E noi dell’arbitro non parliamo, anzi, viene multato Paratici per avere protestato durante la parti e la cosa fa scalpore: ma come, pareggiano con Verona e Crotone e vanno a caldo dall’arbitro a protestare? Non cambiano mai…
Il secondo assioma del postulato riguarda invece alcune nostre rivali e in particolare l’Inter, come funziona il racconto del calcio quando le cose non vanno come vorrebbero.
E arriviamo al caso di giornata.
I nerazzurri non riescono a battere in casa un Parma in faticosa ripresa dopo settimane complicate a causa dell’emergenza che ha falcidiato la prima squadra: i gialloblu sono reduci dal pareggio interno con lo Spezia e la sconfitta di Udine.

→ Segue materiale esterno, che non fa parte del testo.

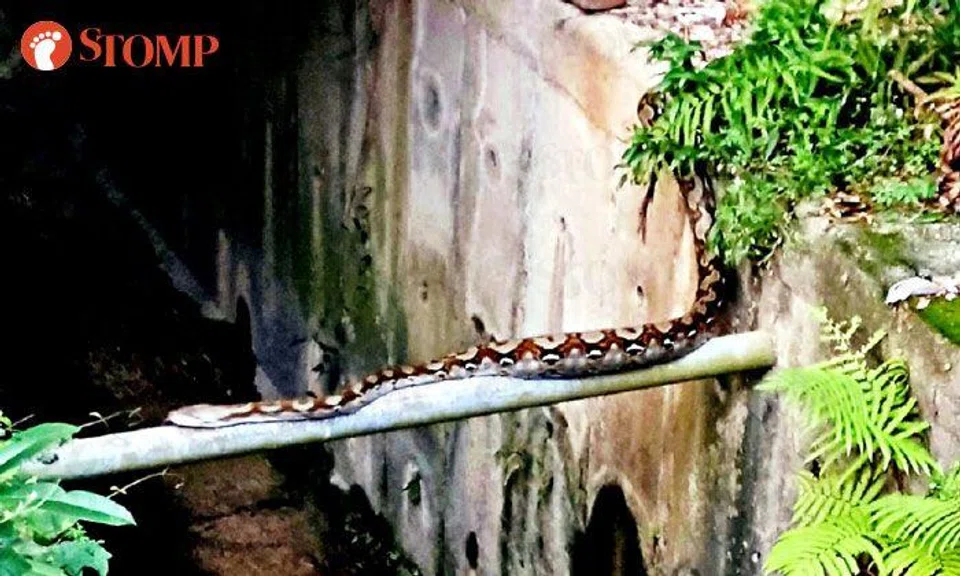 Large python slithers across drain in Toa Payoh North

Ebbene, l’Inter a mezz’ora dalla fine è
sotto di due gol, accorcia, chiede un rigore con Perisic e pareggia
proprio con il croato in pieno recupero. 2-2. Quindi?
Quindi sparisce il calcio
(perché i nerazzurri erano sotto a San Siro all’ultimo minuto? Sono
Lukaku dipendenti? A che punto è la squadra di Conte? Niente, vietato
discuterne) e parte un maxi moviolone di un paio di giorni che farebbe impallidire il povero Biscardi.
Marotta si scatena denunciando un vuoto normativo (lo stesso vuoto,
supponiamo, degli sgambetti su Perotti e Zaniolo in area nerazzurra, del
placcaggio di Lautaro, del mani di Young contro il Sassuolo, solo per
citare i primissimi episodi che ci vengono in mente su questi anni di
Var), la Gazzetta fa la prima pagina indignata e utilizza aggettivi
utilizzati raramente come “nettissimo” e “gigantesco”. Sono passate
oltre 24 ore ma siamo ancora lì, al rigore richiesto da Perisic,
Marotta, Gazzetta e compagnia. Siamo alla notte di domenica,
eccoci al “Club” di Sky, dove viene ospitato Rizzoli e quando stiamo per
andare a dormire il campo è completamente sparito dal weekend
calcistico: il Sassuolo dimezzato che vince al San Paolo, il
Milan che non molla, la Juve che riparte, la Roma che convince, la
Lazio che vince non si sa come: i temi sarebbero molteplici, ma il
postulato non ammette sconti. Se l’Inter si lamenta, il tema è quello,
non se ne esce. Rizzoli lo ammette subito: il rigore c’era, il Var ha
sbagliato a non intervenire. Bene, e quindi?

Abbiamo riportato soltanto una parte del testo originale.